Baylis also directs the hub for Spectrum Management with Adaptive and Reconfigurable Technologies (SMART Hub) — a spectrum center at Baylor tasked with protecting the use of the spectrum. SMART Hub hopes to find a solution for the growing threat of spectrum overload.
What exactly do phones utilizing the 5G spectrum threaten?
“When I say ‘spectrum,’ that is essentially the collection of frequencies that are available for use — the real estate of wireless,” Baylis said. “It’s not just commercial wireless that uses it. The military has to use it for radars. The FAA has to use it for radars. When you fly a plane, the radars that are at the airport that track your plane, those all have to use the same spectrum; they can’t be interfered with by 5G devices.”
Baylis noted other potential implications of interrupted military signals, such as an inability to accurately detect foreign missiles in a timely manner. Additionally, natural disasters could become a concern.

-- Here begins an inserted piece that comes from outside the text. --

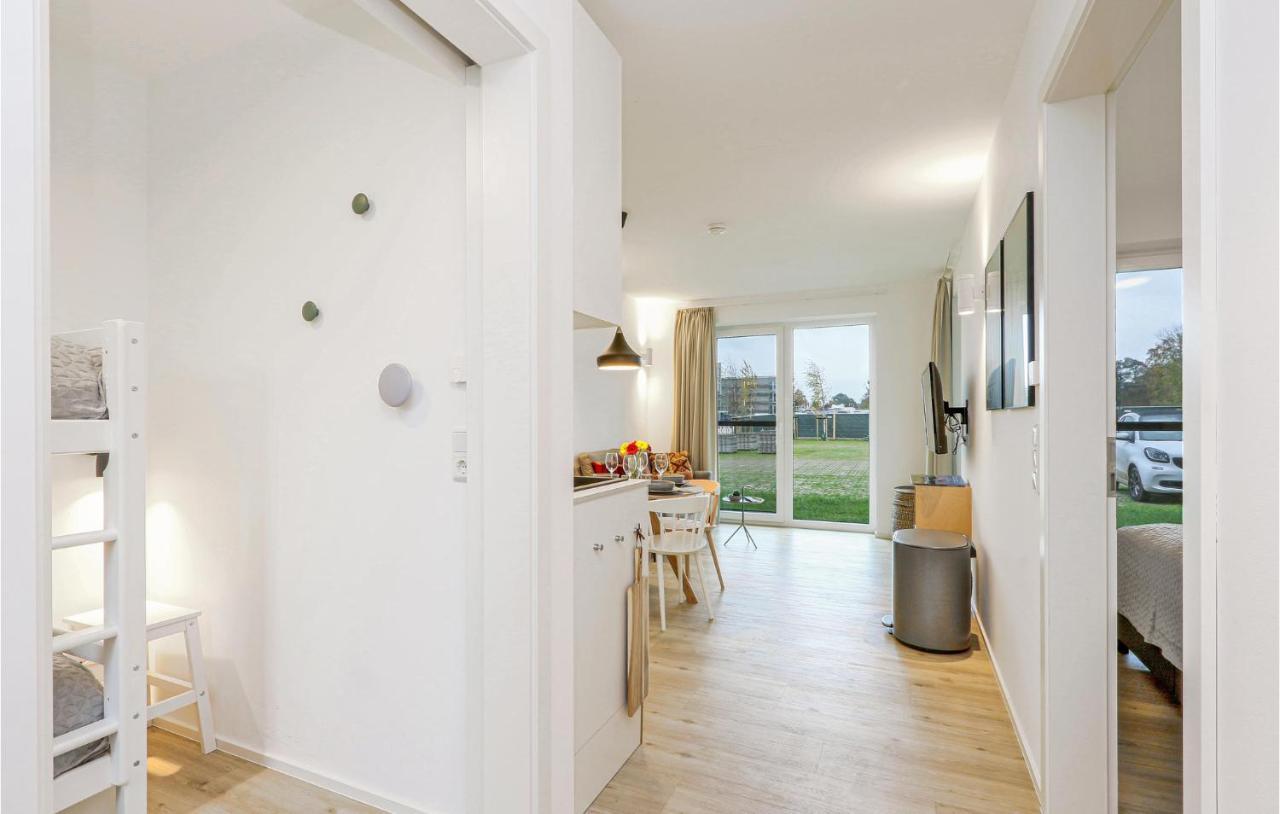 Nice Apartment In Lembruch-Duemmer See With Wifi Esterno foto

“Believe it nor not, weather-sensing satellites actually use the spectrum,” Baylis said. “We’re doing a project right now where weather satellites are being threatened by interference from 5G. This can harm us severely. If we’re trying to predict a hurricane and we get interfered with, our advanced prediction won’t be as accurate.”
Regardless of the risks Baylis mentioned, 5G wireless has invaded daily life to the point of no return. Cellphone companies excitedly boast new products with 5G wireless technology, and consumers scramble to purchase the latest, greatest and fastest technology available.
Boston freshman Savannah Dean illustrated the alternate consumer mindset.
“I think 5G is convenient and innovative, and I don’t really care about the supposed risks associated with it,” Dean said.
Baylis said he realizes that the commercial use of 5G is not going away, which is why he currently researches ways to upgrade and advance military and weather radars to work with 5G.
“I think the solution is building all of our systems to be adaptive and reconfigurable, and that’s really what our research and even our whole center’s [SMART Hub] effort is centered around,” Baylis said. “We need to be able to find new ways for all devices to use the spectrum — to use this real estate — because it’s going to run out.”